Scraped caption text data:
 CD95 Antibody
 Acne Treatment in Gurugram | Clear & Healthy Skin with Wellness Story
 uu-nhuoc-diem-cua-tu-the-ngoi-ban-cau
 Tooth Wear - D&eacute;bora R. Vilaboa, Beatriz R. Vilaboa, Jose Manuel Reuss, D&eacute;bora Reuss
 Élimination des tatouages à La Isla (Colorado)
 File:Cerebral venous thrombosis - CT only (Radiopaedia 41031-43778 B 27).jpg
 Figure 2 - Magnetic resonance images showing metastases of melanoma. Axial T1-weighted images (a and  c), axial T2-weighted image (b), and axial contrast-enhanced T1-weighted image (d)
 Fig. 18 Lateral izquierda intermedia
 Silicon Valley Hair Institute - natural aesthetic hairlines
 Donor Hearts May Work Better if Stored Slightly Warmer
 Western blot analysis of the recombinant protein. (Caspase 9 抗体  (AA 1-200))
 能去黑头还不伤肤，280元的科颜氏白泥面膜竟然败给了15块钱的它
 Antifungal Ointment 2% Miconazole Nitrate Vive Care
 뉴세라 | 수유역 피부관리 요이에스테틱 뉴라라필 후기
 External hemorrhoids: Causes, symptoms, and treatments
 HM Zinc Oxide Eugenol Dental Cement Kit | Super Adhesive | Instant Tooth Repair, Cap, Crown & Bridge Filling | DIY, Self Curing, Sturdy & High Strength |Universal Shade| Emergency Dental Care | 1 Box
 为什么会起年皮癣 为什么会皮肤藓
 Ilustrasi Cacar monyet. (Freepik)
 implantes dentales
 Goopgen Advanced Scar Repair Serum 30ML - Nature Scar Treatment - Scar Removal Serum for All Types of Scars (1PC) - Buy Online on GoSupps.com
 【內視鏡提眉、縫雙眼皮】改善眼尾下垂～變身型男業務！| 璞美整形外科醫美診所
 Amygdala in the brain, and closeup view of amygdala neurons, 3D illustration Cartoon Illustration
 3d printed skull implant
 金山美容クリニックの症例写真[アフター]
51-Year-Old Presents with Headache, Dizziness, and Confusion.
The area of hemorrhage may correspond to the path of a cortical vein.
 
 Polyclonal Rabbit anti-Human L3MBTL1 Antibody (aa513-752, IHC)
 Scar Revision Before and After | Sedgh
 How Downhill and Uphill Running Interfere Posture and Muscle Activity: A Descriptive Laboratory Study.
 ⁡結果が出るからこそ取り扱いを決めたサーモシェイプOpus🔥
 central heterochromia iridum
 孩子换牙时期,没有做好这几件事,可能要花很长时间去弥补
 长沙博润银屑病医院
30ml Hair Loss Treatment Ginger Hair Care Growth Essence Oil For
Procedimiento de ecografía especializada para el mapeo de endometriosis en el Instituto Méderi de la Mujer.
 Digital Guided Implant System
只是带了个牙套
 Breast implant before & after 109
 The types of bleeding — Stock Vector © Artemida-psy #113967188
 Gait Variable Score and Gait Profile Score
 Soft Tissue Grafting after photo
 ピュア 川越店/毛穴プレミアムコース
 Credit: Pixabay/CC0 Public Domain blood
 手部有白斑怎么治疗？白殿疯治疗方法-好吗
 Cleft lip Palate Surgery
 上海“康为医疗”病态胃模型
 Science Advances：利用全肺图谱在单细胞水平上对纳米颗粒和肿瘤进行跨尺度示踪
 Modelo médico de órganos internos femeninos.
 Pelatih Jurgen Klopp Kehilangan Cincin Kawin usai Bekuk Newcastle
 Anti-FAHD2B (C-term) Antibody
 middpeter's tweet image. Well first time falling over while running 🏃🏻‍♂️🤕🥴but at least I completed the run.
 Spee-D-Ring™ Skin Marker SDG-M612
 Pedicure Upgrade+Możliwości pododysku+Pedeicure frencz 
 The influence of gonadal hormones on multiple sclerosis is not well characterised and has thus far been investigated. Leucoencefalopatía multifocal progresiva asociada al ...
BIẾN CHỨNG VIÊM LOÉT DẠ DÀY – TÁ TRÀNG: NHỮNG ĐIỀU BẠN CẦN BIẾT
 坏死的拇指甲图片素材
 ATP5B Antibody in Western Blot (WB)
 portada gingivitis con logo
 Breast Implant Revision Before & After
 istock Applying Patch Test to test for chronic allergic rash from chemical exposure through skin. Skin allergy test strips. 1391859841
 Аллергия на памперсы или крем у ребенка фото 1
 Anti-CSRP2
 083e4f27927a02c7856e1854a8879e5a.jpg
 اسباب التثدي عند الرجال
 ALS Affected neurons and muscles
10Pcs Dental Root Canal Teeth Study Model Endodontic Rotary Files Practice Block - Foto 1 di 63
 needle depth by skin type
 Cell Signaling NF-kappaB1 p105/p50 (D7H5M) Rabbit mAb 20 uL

● Brief: Both the first line of the data above and the line with "Fig. 18 Lateral izquierda intermedia" must be included; please return exactly those lines and the ones between them.

● Answer section:
 CD95 Antibody
 Acne Treatment in Gurugram | Clear & Healthy Skin with Wellness Story
 uu-nhuoc-diem-cua-tu-the-ngoi-ban-cau
 Tooth Wear - D&eacute;bora R. Vilaboa, Beatriz R. Vilaboa, Jose Manuel Reuss, D&eacute;bora Reuss
 Élimination des tatouages à La Isla (Colorado)
 File:Cerebral venous thrombosis - CT only (Radiopaedia 41031-43778 B 27).jpg
 Figure 2 - Magnetic resonance images showing metastases of melanoma. Axial T1-weighted images (a and  c), axial T2-weighted image (b), and axial contrast-enhanced T1-weighted image (d)
 Fig. 18 Lateral izquierda intermedia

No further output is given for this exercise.